Many advisors are initially turned off because they see a complex space, a “riddle wrapped in an enigma,” Dauenhauer says. 

His mission is to correct those assumptions and demystify the space. He is guiding other fiduciary advisors on how to work with teachers, putting out a lot of content around the topic and helping others see the opportunities. 

A Mission to Modernize the 403(b) Market

Another factor holding advisors back is that the fee-based model doesn’t work with most of the current vendors selling products to teachers. The advisor can guide a teacher toward a Vanguard or Fidelity option, but they won’t be able to service the account.

A handful of technology platforms and record-keepers see that as an opportunity. 

Aspire launched a 403(b) vendor option in 2007-2008 and now is in over 6,000 school districts across the country. The company has built an open-architecture platform that can be white-labeled by advisors, who can layer on their compensation as they negotiate with the client. 

But distribution is a challenge because, unlike annuity providers, Aspire is not sending salesmen into school lunchrooms. They’re slowly building up a presence through word of mouth and partnering with administrators, said Matt Drummond, national sales director of individual accounts. 

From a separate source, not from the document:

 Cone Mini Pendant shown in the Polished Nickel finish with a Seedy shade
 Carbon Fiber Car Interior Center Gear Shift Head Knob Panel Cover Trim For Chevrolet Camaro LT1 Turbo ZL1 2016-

FPS Group in Centennial, Colo., has built the Investment Provider XChange (IPX), a modernized record-keeping and trust and custody platform that allows fee-based and fee-only advisors to build their own portfolios within these school plans. Managing Director James Olson likens it to an Envestnet for 403(b)s, because there are third-party strategists available and a fund portal, as well as the ability for advisors to create their own investment program—participants can even self-direct their own account. 

“I've been on a mission to modernize the 403(b) market for at least a decade, if not longer,” Olson said. “I think the narrative is changing in the space for the better.”

IPX is currently in more than 3,000 plans around the country and has $32 billion in assets under administration, Olson says. 

The goal is to create a structure using technology to get access into the plans for RIAs and product manufacturers, Olson said. “[IPX is] very customizable using an open architecture background … it brings your brand, your fees, and your construct of your product into the platform that you use with your participants.”

As for McEvoy, her district now uses Aspire, so she has access to Vanguard funds for 60 basis points through the platform; she’s also paying her advisor, Dina Isola (Tony’s wife), a fee to manage the account and provide financial advice. But, “it’s all transparent, and now I’m able to see exactly what’s coming out,” McEvoy says.